Toujours pas de taxi, plus un seul ne passait désormais. Ils me fuyaient comme la peste. C'était mort. Au point où j'en étais, j'irais plus vite à y aller à pied. Soupirant, je commençais à marcher d'un pas rapide vers le cabinet de ma psychologue qui se trouvait un peu excentré du quartier de la Vieille ville, le quartier animé où je vivais. Un pas, un autre, puis un autre, de plus en plus rapidement, et ainsi de suite, j'arrivais enfin devant l'immeuble de type post-colonial et sonnait à l'entrée. La porte s'ouvrit dans un grincement sourd et je rentrais dans l'entrée, appuyant sur le bouton de l'ascenseur pour me rendre au premier étage. Certes, j'aurais pu prendre les escaliers mais après cette longue marche, j'avais légèrement la flemme. Légèrement était un euphémisme. Et ce n'était pas deux minutes qui allaient changer quelque chose dorénavant. Au point où j'en étais, je me préparais au nouveau sermon de ma psychologue. Je me demandais ce qu'elle allait me sortir cette fois, que si j'étais encore en retard, c'était sans doute parce que j'avais un retard mental ou un truc du genre. Je riais à ma remarque et c'était toujours rieur que j'appuyais sur le bouton ''Sonner et entrer'' et j'entrais donc.

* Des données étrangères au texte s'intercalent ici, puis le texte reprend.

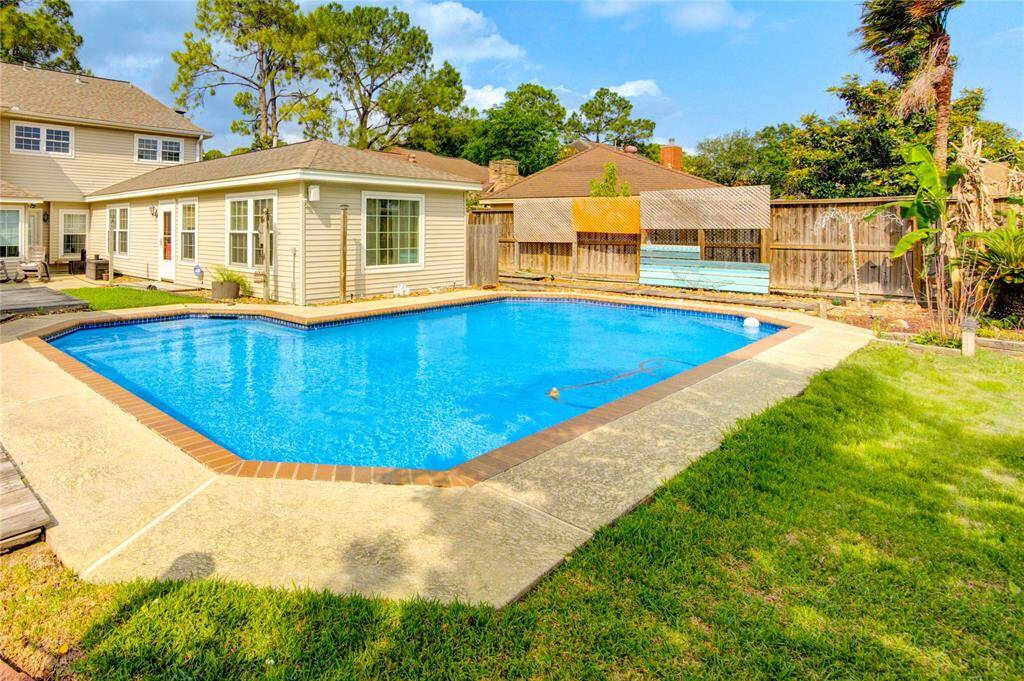 surrounded by lush landscaping the backyard is tranquil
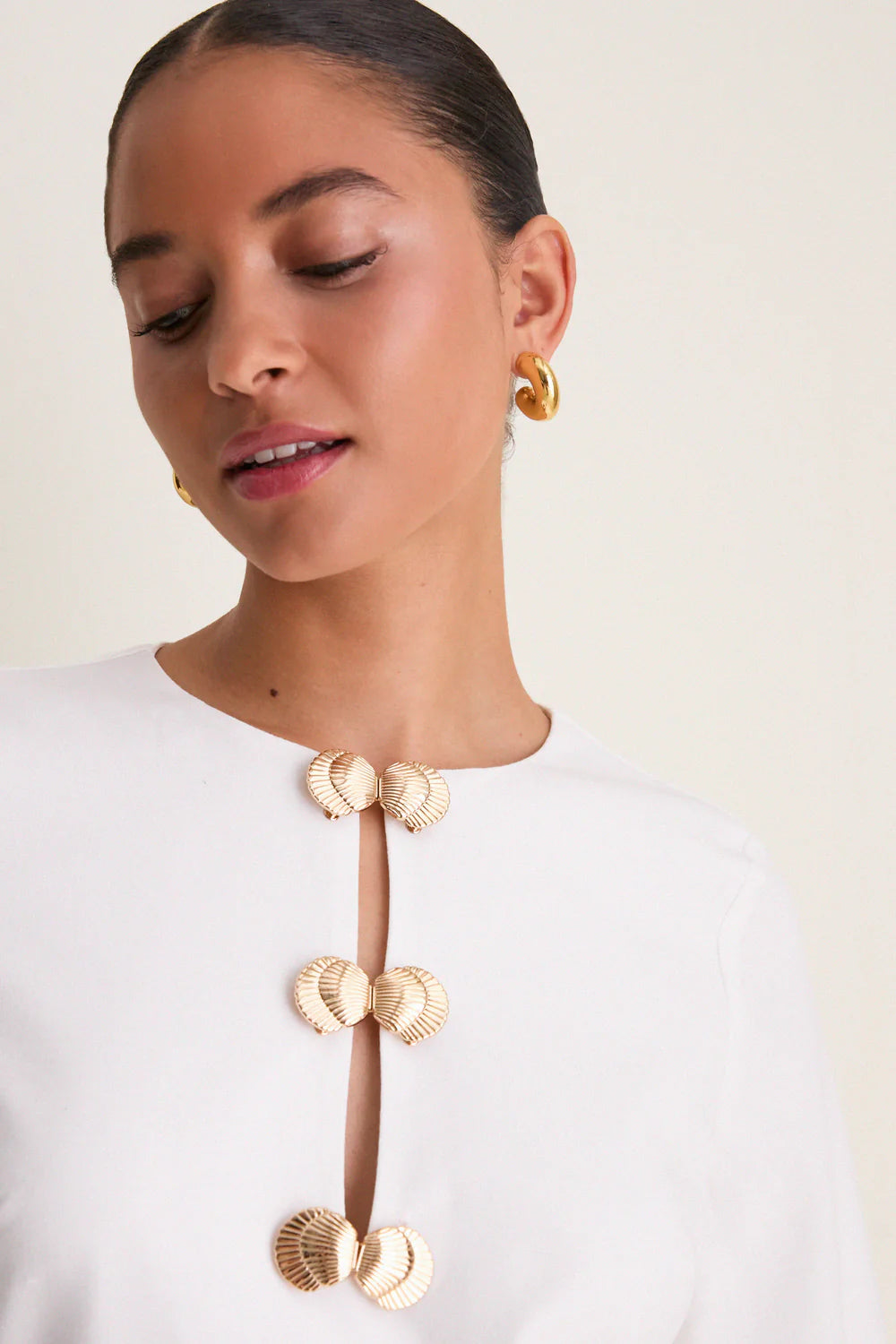 Ivory linen mini caftan — close-up of gold shell hardware detail and keyhole cut-out neckline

Je m'arrêtais brusquement devant l'encadrement de la porte en constatant le visage connu qui se trouvait dans la salle d'attente. Une jolie jeune femme, blonde, la vingtaine, je ne connais pas son prénom, tout ce que je savais, c'était que je la croisais à chacun de mes rendez-vous. Elle était la patiente qui avait rendez-vous avant moi. Avant moi. Je regardait ma montre en fronçant les sourcils. J'étais pourtant sûr d'avoir rendez-vous en ce moment même, j'avais même dix minutes de retard, me serais-je trompé ? Je m'étais pressé pour rien ?! J'étais particulièrement agacé et en même temps soulagé de ne pas recevoir un nouveau sermon. Pourtant, j'avais un doute. Peut-être que pour une fois, l'inconnue avait changé son horaire. Et là, j'étais bien en retard. Mais, maintenant que j'y pensais, je n'avais plus la moindre idée à l'heure à laquelle j'avais rendez-vous. Je me demandais comment la psychologue aurait interprété cela.
«
Pardon, vous avez rendez-vous à quelle heure ? J'ai l'habitude de vous voir sortir du bureau de la psy avant moi et... enfin, je pensais être en retard. ». J'avais un peu bredouillé, je cachais ça derrière un petit rire en avançant vers l'inconnue.